Howard Hughes Medical Institute, Department of Biology, Massachusetts Institute of Technology, Cambridge, MA 02139, USA.
Molecular cell (Impact Factor: 14.02). 11/2010; 40(3):353-63. DOI: 10.1016/j.molcel.2010.10.017
Source: PubMed


Activation of the eukaryotic replicative DNA helicase, the Mcm2-7 complex, requires phosphorylation by Cdc7/Dbf4 (Dbf4-dependent kinase or DDK), which, in turn, depends on prior phosphorylation of Mcm2-7 by an unknown kinase (or kinases). We identified DDK phosphorylation sites on Mcm4 and Mcm6 and found that phosphorylation of either subunit suffices for cell proliferation. Importantly, prior phosphorylation of either S/T-P or S/T-Q motifs on these subunits is required for DDK phosphorylation of Mcm2-7 and for normal S phase passage.

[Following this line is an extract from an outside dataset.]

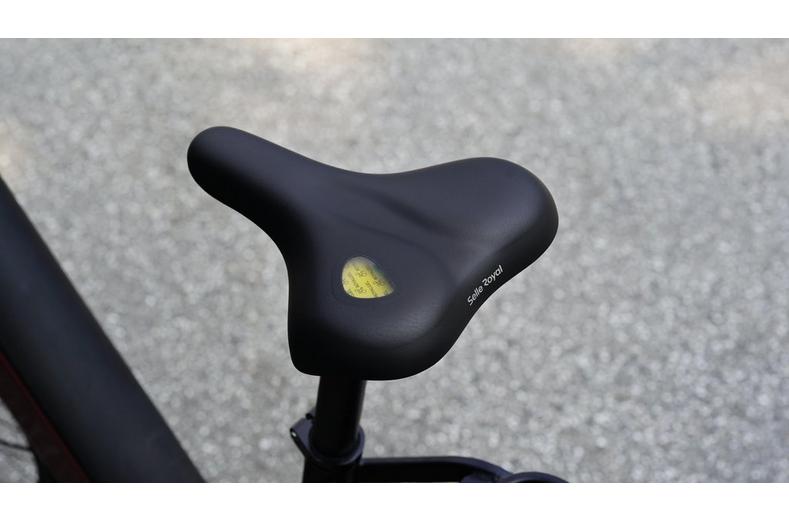 Selle Royal Rio Videogel Relaxed Saddle Selle Royal Rio Videogel Relaxed Saddle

Phosphomimetic mutations of DDK target sites bypass both DDK function and mutation of the priming phosphorylation sites. Mrc1 facilitates Mec1 phosphorylation of the S/T-Q motifs of chromatin-bound Mcm2-7 during S phase to activate replication. Genetic interactions between priming site mutations and MRC1 or TOF1 deletion support a role for these modifications in replication fork stability. These findings identify regulatory mechanisms that modulate origin firing and replication fork assembly during cell cycle progression.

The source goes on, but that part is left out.